Only 11 percent of Baltimore city teachers would vote for their current contract again, according to a survey released today. Contract negotiations are currently underway between district school officials and the Baltimore Teacher’s Union. The new survey was conducted by Educators for Democratic Schools (EDS), a group that formed in opposition to the current contract when it was ratified in 2010.
According to Iris Kirsch, a founding member of the group, the survey results are indicative of what she has been hearing from teachers over the past three years. “A lot of people are very uncomfortable with this contract,” Kirsch said. “Now that people have lived through it, they’re not going to vote for it again.”

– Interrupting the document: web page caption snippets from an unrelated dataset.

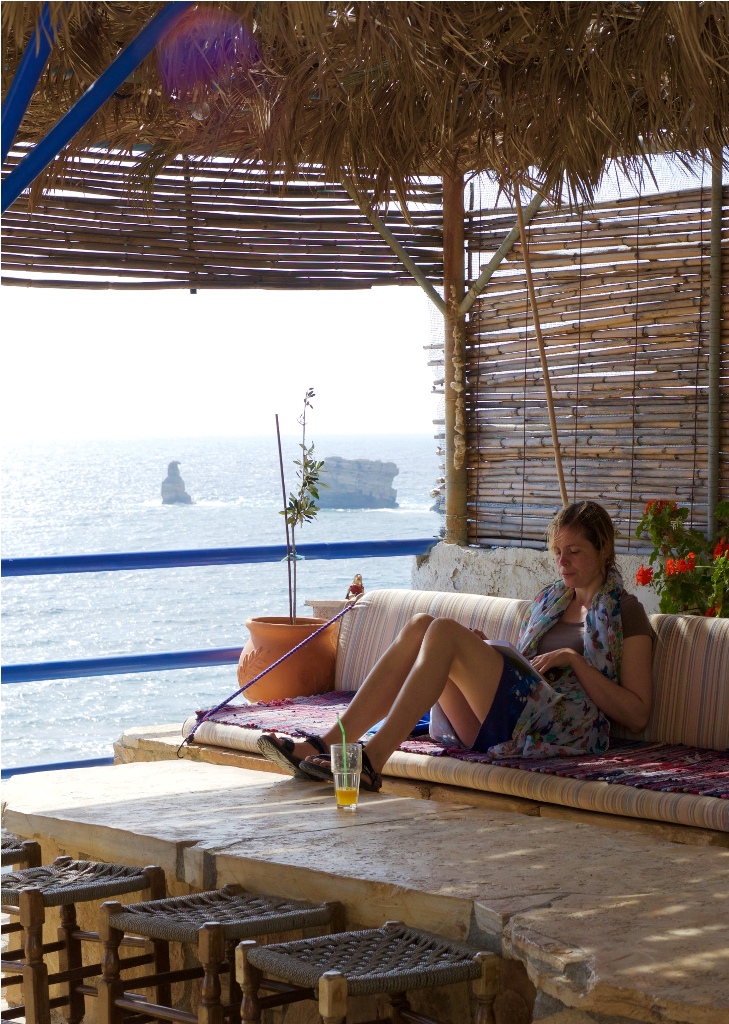 Yoga en Mindfulness Retraite in Kreta Griekenland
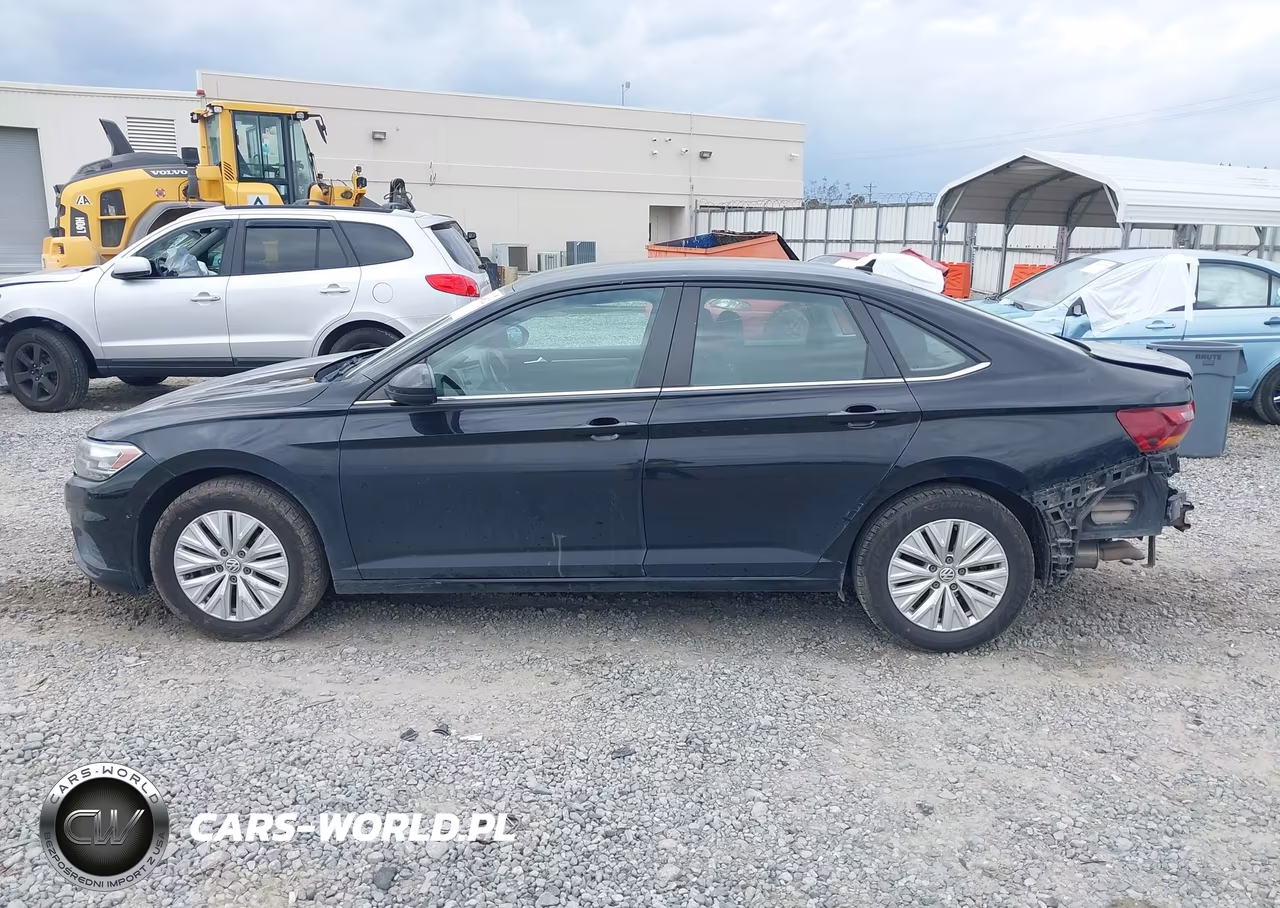 2019 Volkswagen Jetta 1.4T R-Line-1.4T S-1.4T Se VIN:3VWC57BU5KM028803 - 15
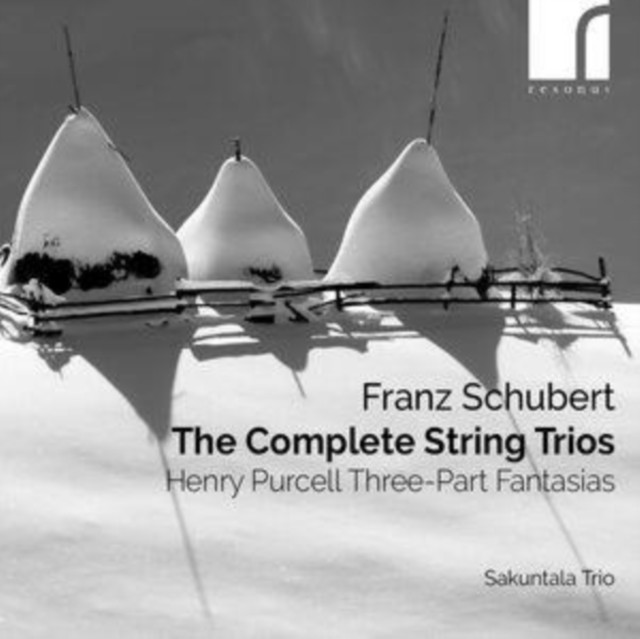 Franz Schubert: The Complete String Trios/... (CD / Album (Jewel Case))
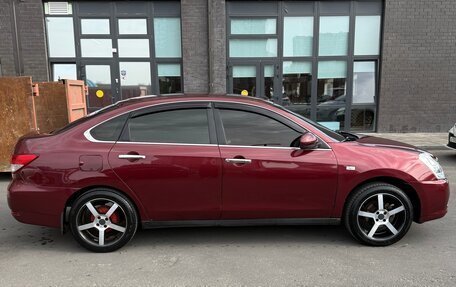 Nissan Almera, 2014 год, 499 999 рублей, 4 фотография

More than 200 of the district’s 6,000 teachers took part in the survey. Although that is a small percentage, Kirsch said she thinks those who responded are a representative sample. Kirsch said she hopes the district and union will take the survey seriously. “We don’t want them wasting their time negotiating a contract that looks like this one and have everybody vote it back down. We want them to take our voices seriously. We want open negotiations this time that involve teachers so we can get a contract that works for all of us,” she said.

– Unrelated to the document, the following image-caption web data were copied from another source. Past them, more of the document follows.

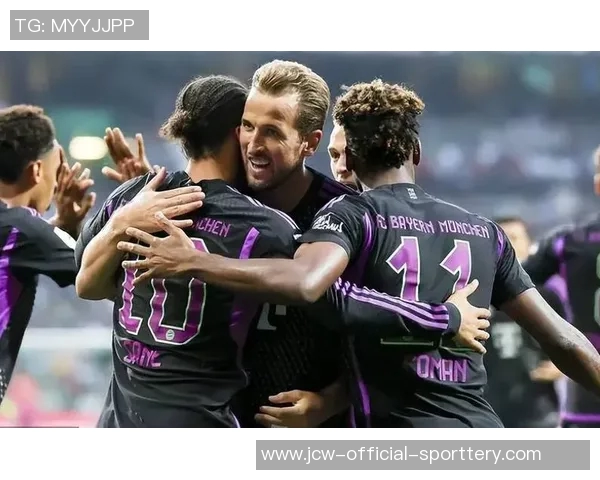 凯恩德甲前5轮进球上双,追平德甲历史同期进球纪录——科技与热血的跨界对话 凯恩德甲前5轮进球上双,追平德甲历史同期进球纪录——科技与热血的跨界对话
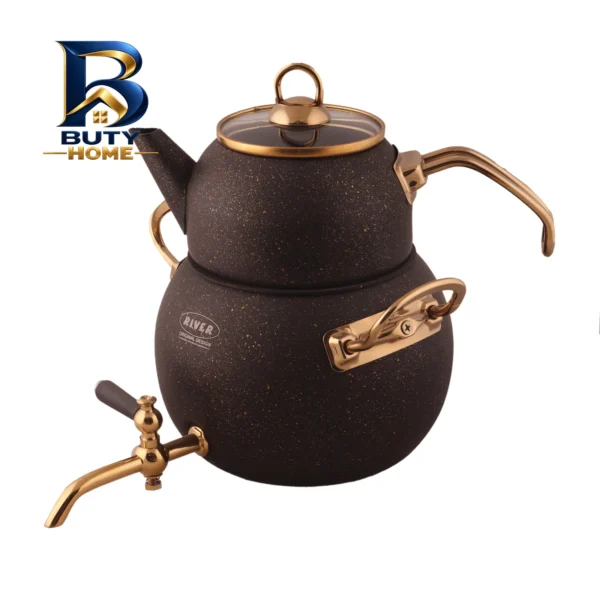 ست قوری و کتری ریور مدل 5862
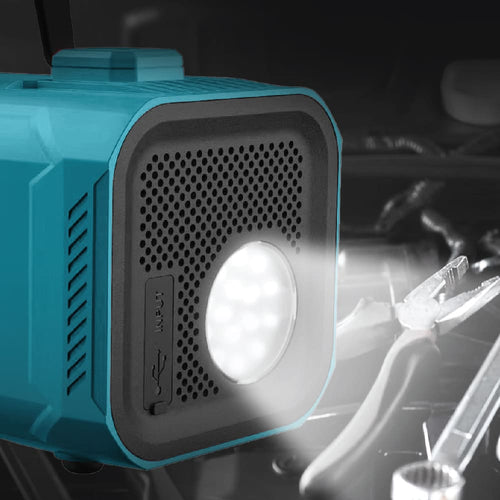 Multifunktionel LED-lys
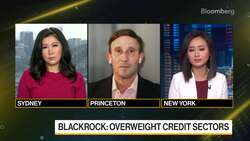 BlackRock Running Lower Risk Portfolio News Clip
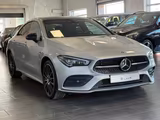 Mercedes-Benz CLA 250 e Edition AMG Head-Up/Pano/Burm/ACC/360° - Mercedes-Benz mit Hybrid-Antrieb: Coupe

In addition to calling for the abolishment of the district’s current pay-for-performance system for teachers, Kirsch’s group is calling for mandatory smaller class sizes. School district officials say they do not comment on contract negotiations but that they have a good working relationship with local BTU and national American Federation of Teachers officials. A local BTU spokesperson said they do not expect a vote on the contract before October.